Этот внезапный обрывок памяти заставляет Барнса улыбнуться.
– В тот раз мы больше не виделись, — Гельмут вздыхает, отдаляясь. — Я приплыл через три дня, но ты уже уехал.
– А во второй раз?
– Ты вытащил меня из рыболовной сети, — смущается водяной. — Была поздняя ночь, и я не увидел её. Ты гулял вдоль берега и курил. Я пытался уползти подальше в воду, а ты решил, что кто-то из местных напился. Ты разрезал сеть и отнёс меня достаточно глубоко, чтобы я мог плыть.
«Почему ты не боишься меня?»
«Потому что сейчас не в твоих интересах на меня нападать, — очередная верёвка сети сдаётся под напором перочинного ножа. — А если ты решишь убить меня после того, как я тебя спасу, то, во-первых, это будет на твоей совести, а во-вторых, на суше у меня явно больше преимуществ».
«Ты странный».
«Сказал мне человек с рыбьей задницей, — усмешка. — Ну, добро пожаловать на волю, — он отбрасывает сеть».
В ответ фырчание, и водяной на локтях ползёт к океану. Это выглядит нелепо и жалко.
«О, боже, иди сюда, — он кладёт чёрную когтистую руку себе на плечо, подхватывает существо под — колени? — и несёт к воде. — Ты тяжёлый.
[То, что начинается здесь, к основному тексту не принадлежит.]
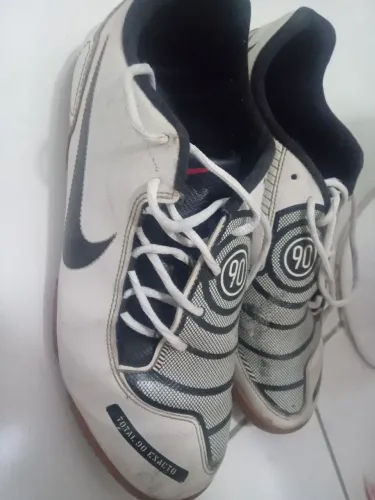 Chuteira Nike Total 90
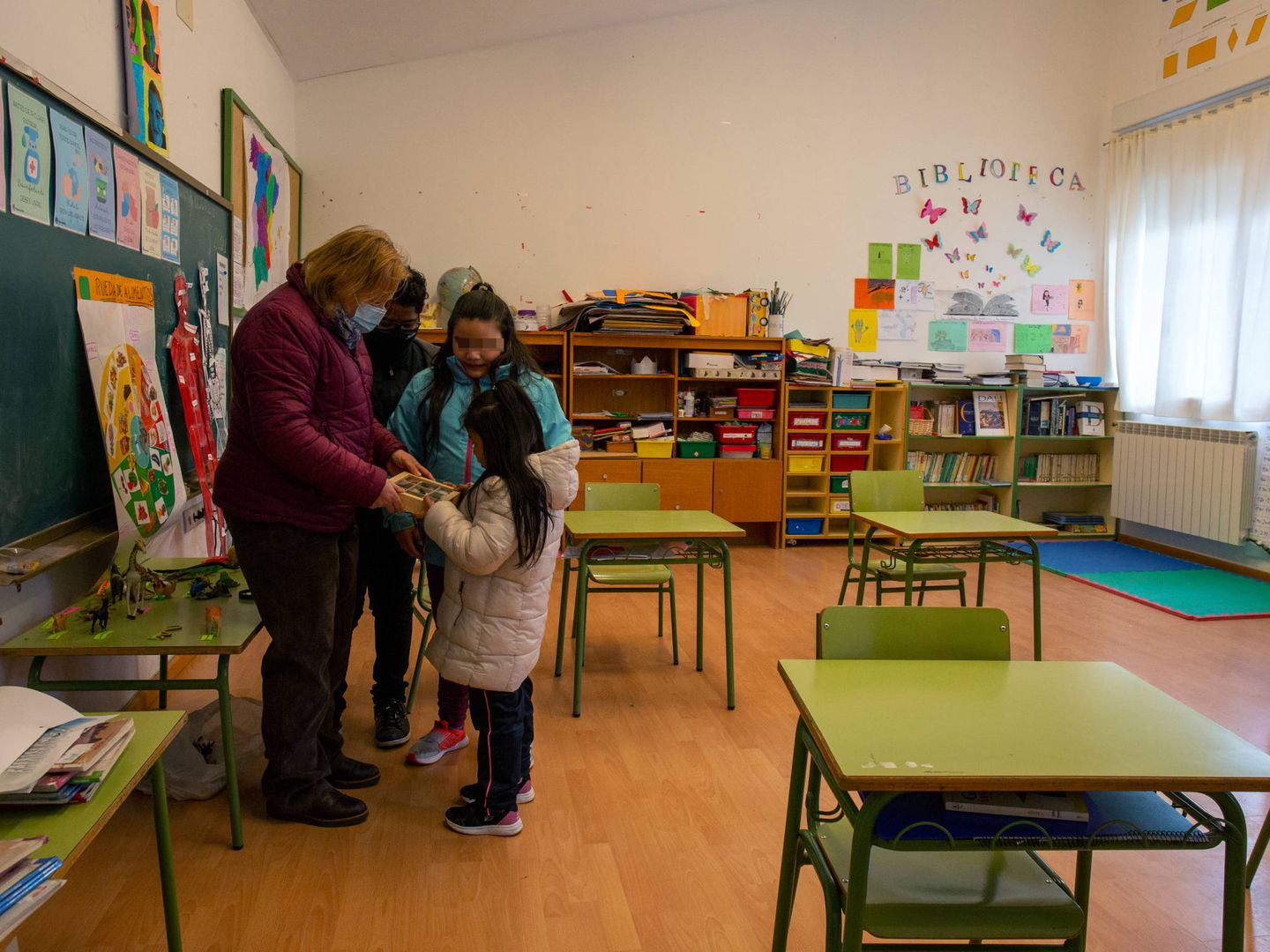 Rosi Sánchez muestra el aula del colegio a sus nuevos alumnos. (D. B.)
Под венец не понесу».
«Что такое венец?»
Он молчит и понимает, что не знает, как это объяснить. Шутливо брошенная фраза кажется неловкой.
«Забудь, — он по пояс в воде, волны ласкают тело, и водяной наконец может плыть».
«Спасибо».
– Ты приходил каждый вечер и что-нибудь рассказывал, пока я прятался за камнями и под причалом. Сейчас я думаю о том, что это так глупо. Я столько раз видел людей издалека, общался тоже не раз и совсем не должен был бояться тебя. Это ты должен был. Но всё было наоборот.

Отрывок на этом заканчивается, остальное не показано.